> _Work instructions_
Write out the listing from the line with "Funda Para iPhone" to the line with "Lacquered William Hinn", both lines included, exactly and nothing beyond. Leave pictures out.

> _Task material_

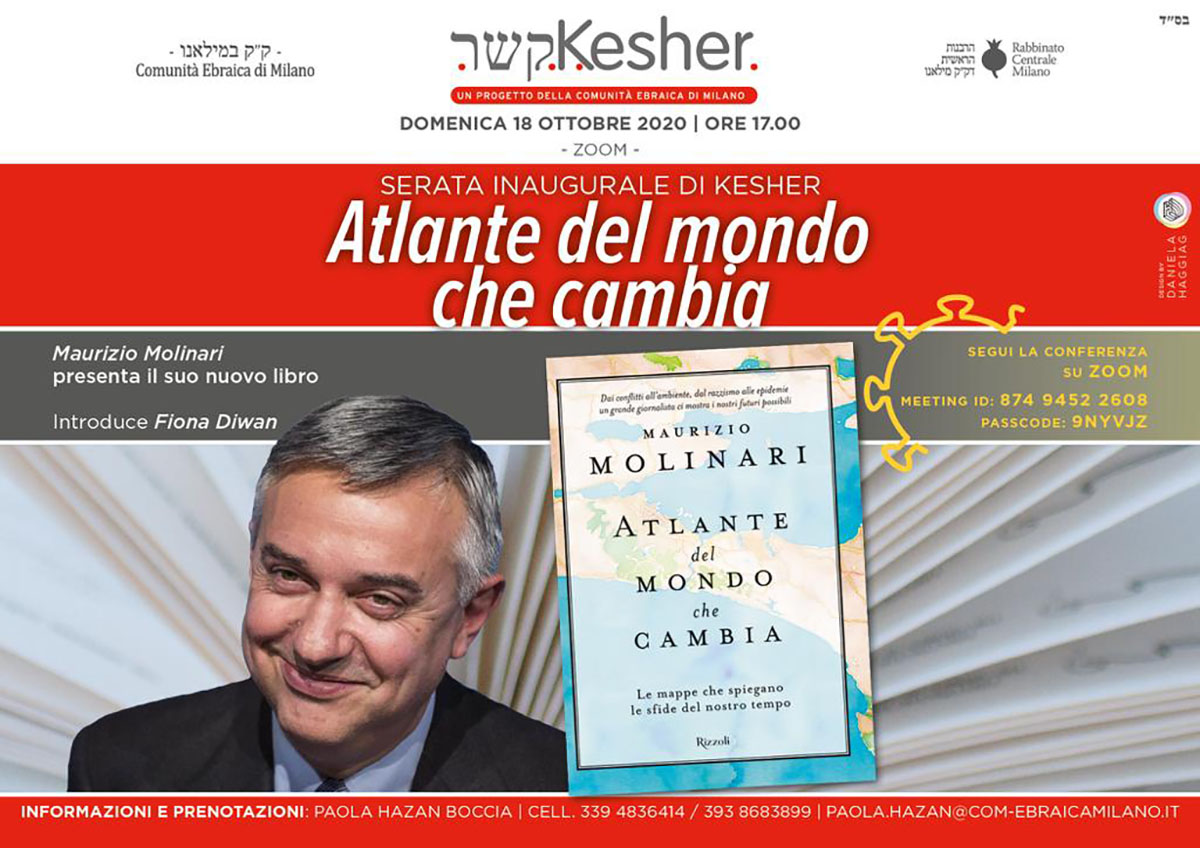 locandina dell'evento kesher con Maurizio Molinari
==
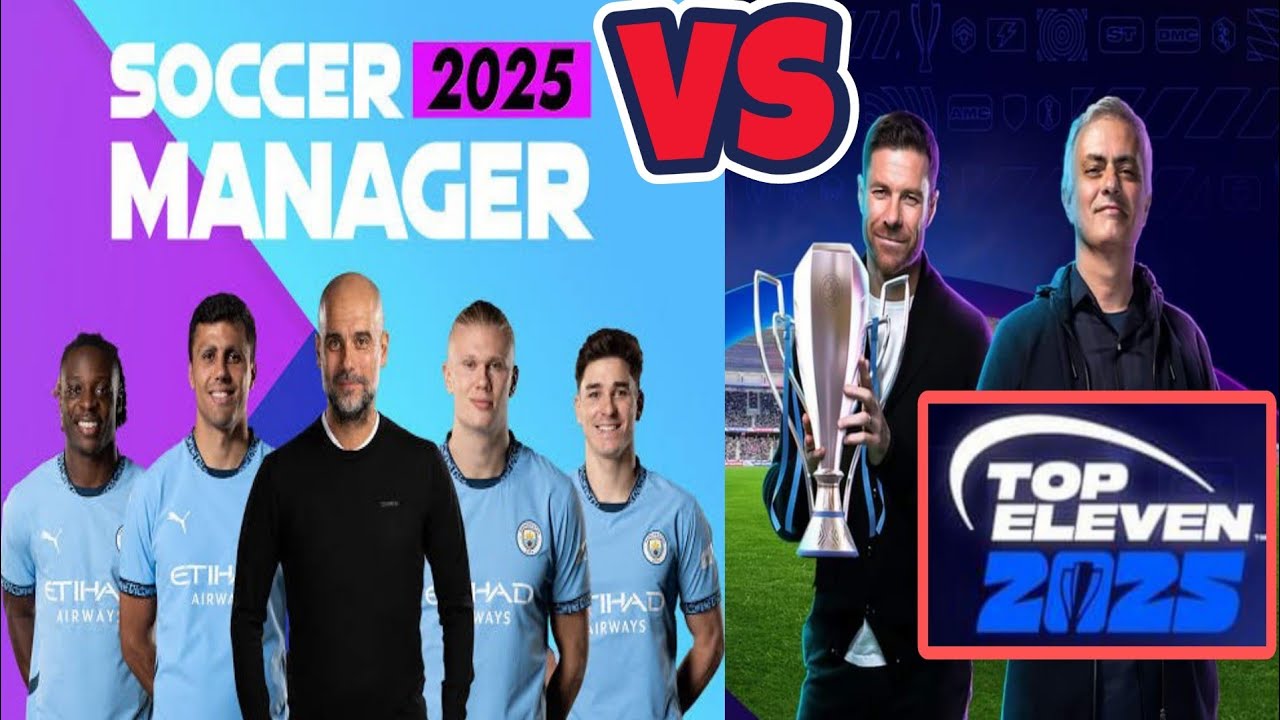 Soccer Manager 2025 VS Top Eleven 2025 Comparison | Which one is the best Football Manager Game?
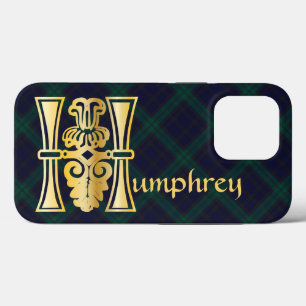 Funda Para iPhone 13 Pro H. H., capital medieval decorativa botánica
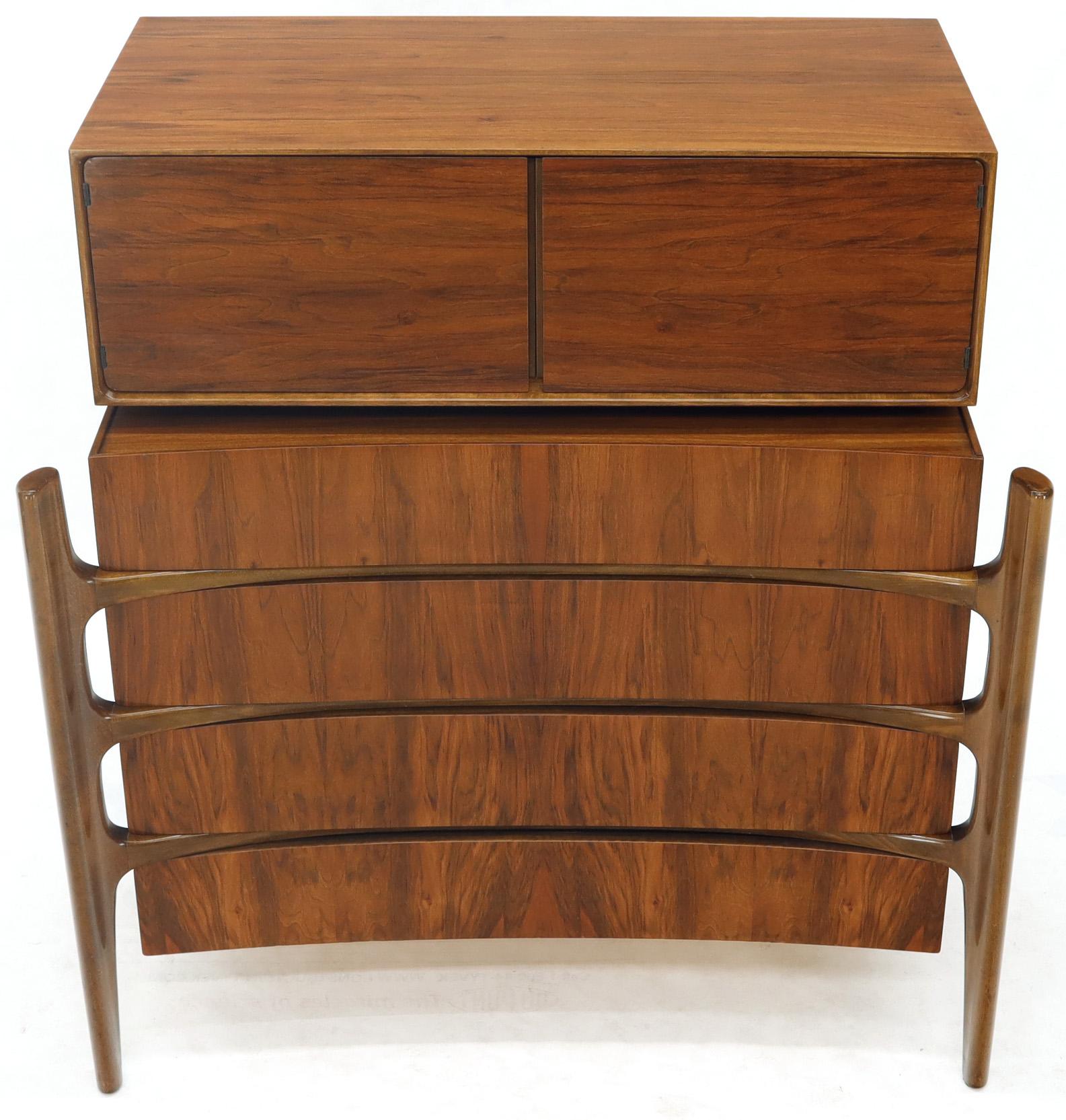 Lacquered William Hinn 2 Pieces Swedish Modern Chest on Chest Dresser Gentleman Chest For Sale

> _Result of the exercise_
 Funda Para iPhone 13 Pro H. H., capital medieval decorativa botánica
 Lacquered William Hinn 2 Pieces Swedish Modern Chest on Chest Dresser Gentleman Chest For Sale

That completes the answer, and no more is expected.